__Dataset extract__
----

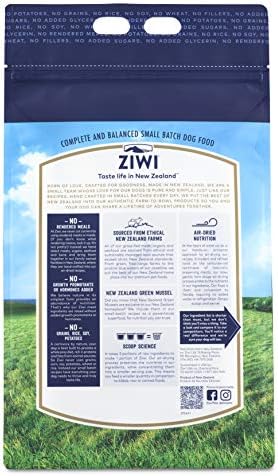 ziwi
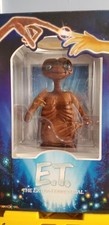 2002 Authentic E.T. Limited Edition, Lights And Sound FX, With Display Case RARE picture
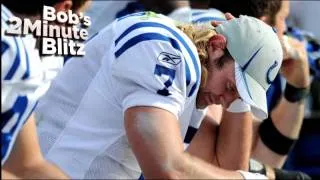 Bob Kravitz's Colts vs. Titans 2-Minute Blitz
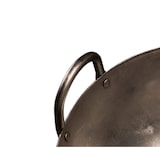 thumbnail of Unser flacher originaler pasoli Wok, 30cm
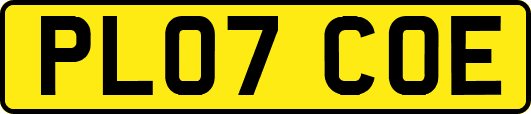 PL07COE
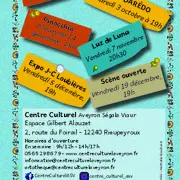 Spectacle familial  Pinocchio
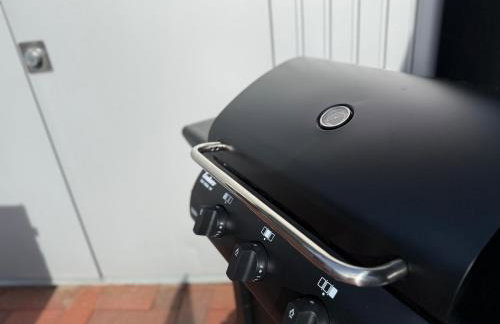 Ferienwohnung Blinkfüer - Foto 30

----

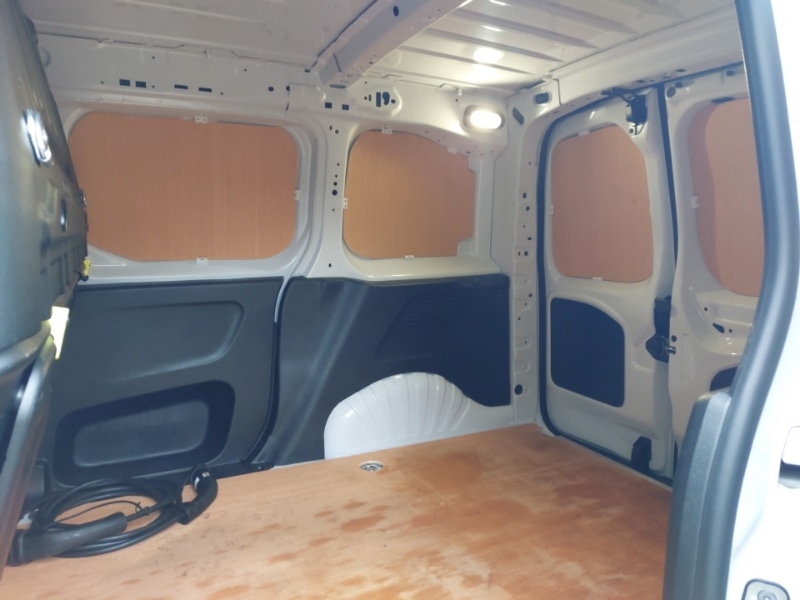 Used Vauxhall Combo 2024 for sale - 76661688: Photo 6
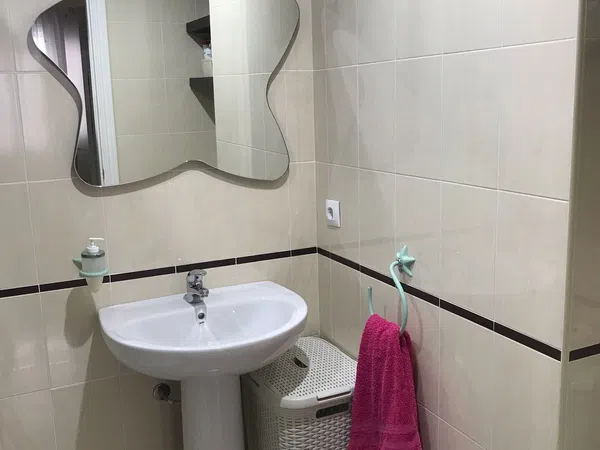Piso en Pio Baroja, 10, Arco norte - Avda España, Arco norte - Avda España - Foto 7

----

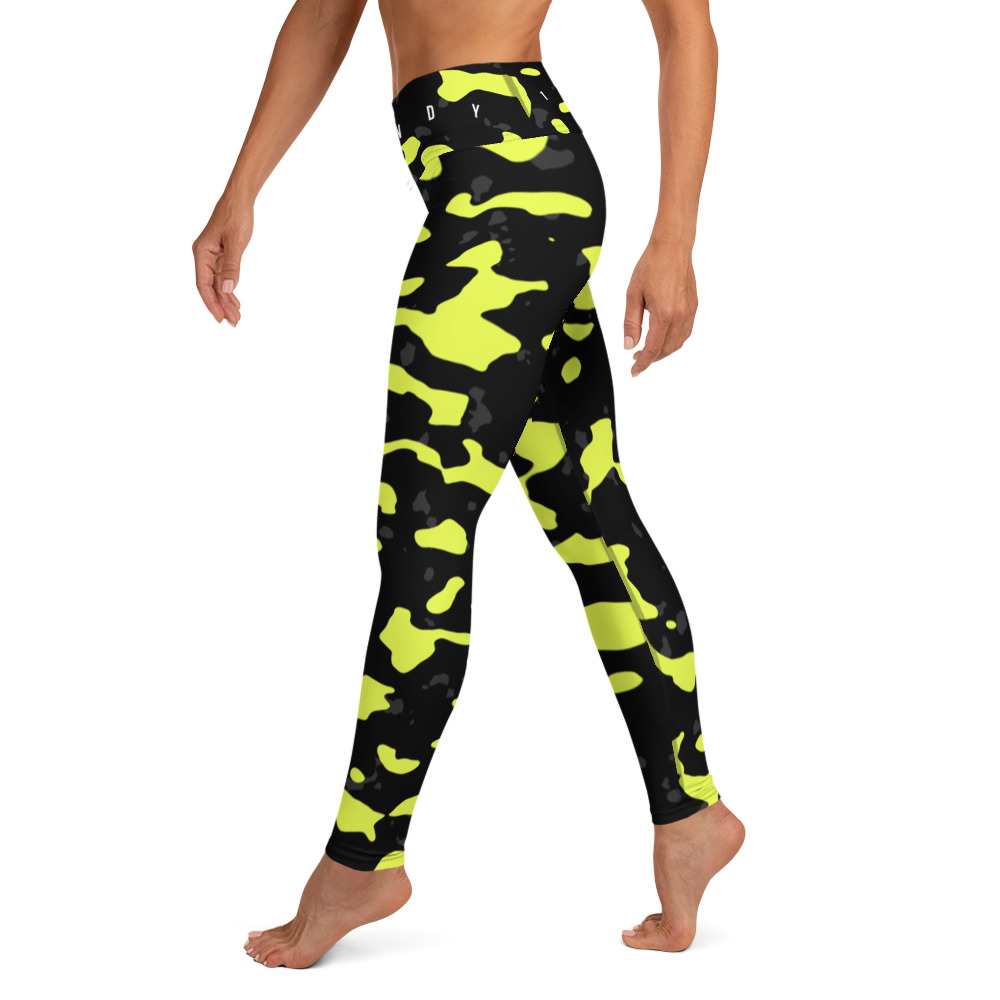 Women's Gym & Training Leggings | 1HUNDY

----

__Exercise goal__
Set the pictures aside and transcribe exactly the stretch of lines above, beginning with the one holding "thumbnail of Unser" and ending with the one holding "Ferienwohnung Blinkfüer - Foto 30".

__Problem solution__
 thumbnail of Unser flacher originaler pasoli Wok, 30cm
 PL07COE
 Spectacle familial  Pinocchio
 Ferienwohnung Blinkfüer - Foto 30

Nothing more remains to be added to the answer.